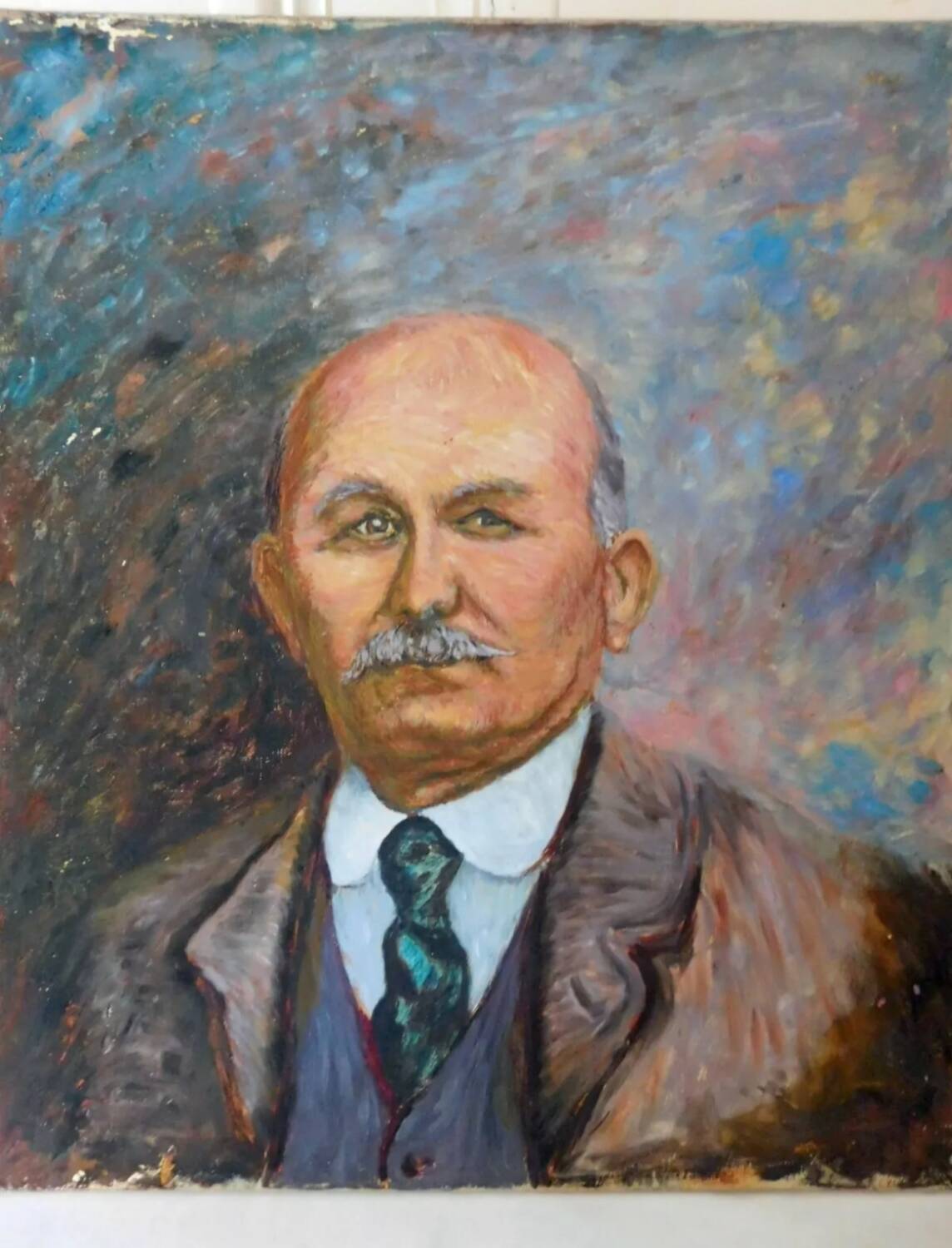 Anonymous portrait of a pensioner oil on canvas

---

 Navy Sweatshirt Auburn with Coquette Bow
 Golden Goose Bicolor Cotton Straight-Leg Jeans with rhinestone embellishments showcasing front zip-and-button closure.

==

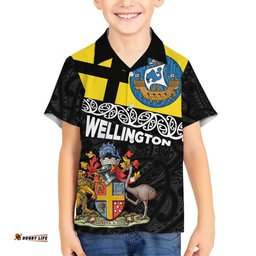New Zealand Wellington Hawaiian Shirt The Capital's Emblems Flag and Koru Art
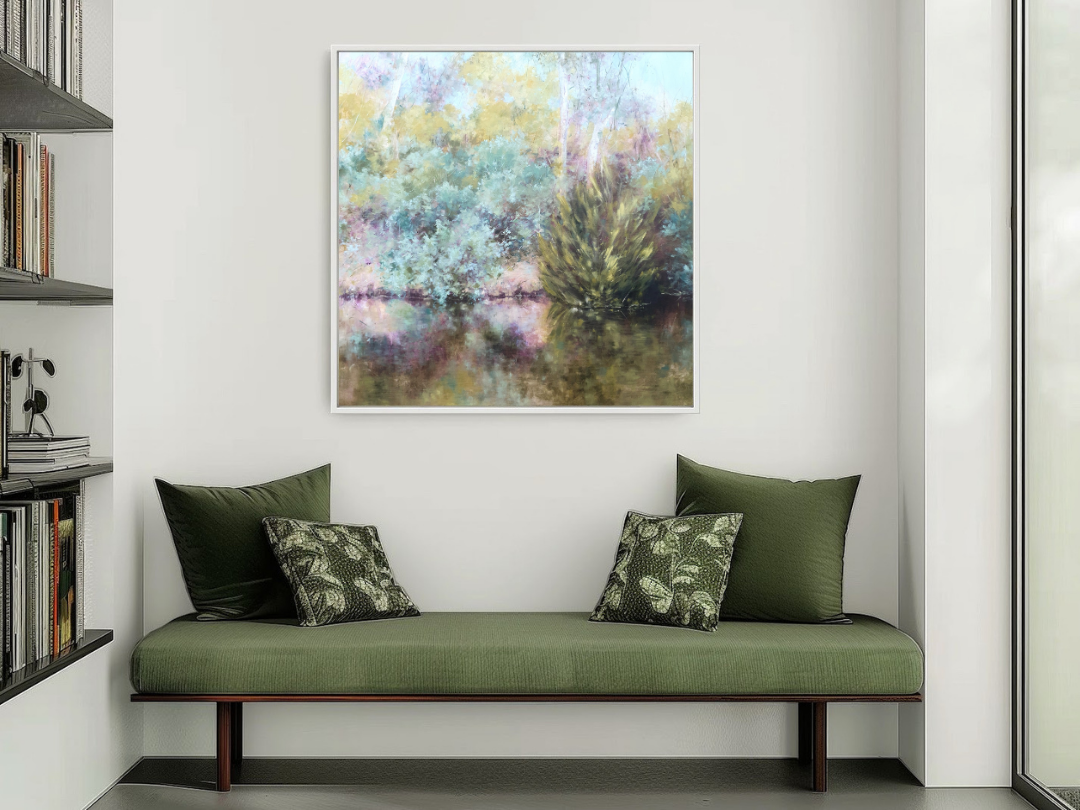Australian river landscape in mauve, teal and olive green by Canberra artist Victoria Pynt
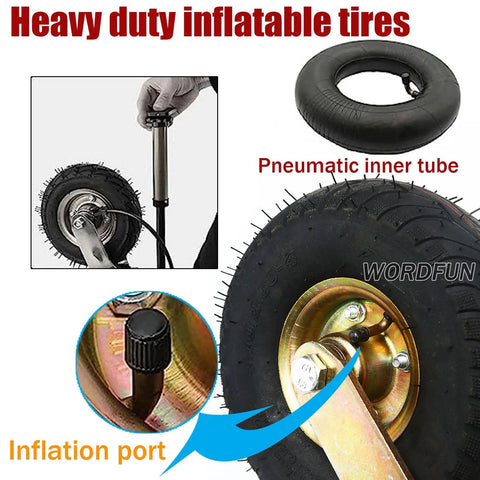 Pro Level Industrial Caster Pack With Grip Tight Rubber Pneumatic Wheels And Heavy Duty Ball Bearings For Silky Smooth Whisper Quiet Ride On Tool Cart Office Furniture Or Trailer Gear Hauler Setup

PROMPT: A word-for-word reproduction is needed of the lines above from the line containing "Australian river landscape" through the line containing "Pro Level Industrial", with both ends kept and no pictures.

RESULT FOR THIS TASK:
Australian river landscape in mauve, teal and olive green by Canberra artist Victoria Pynt
 Pro Level Industrial Caster Pack With Grip Tight Rubber Pneumatic Wheels And Heavy Duty Ball Bearings For Silky Smooth Whisper Quiet Ride On Tool Cart Office Furniture Or Trailer Gear Hauler Setup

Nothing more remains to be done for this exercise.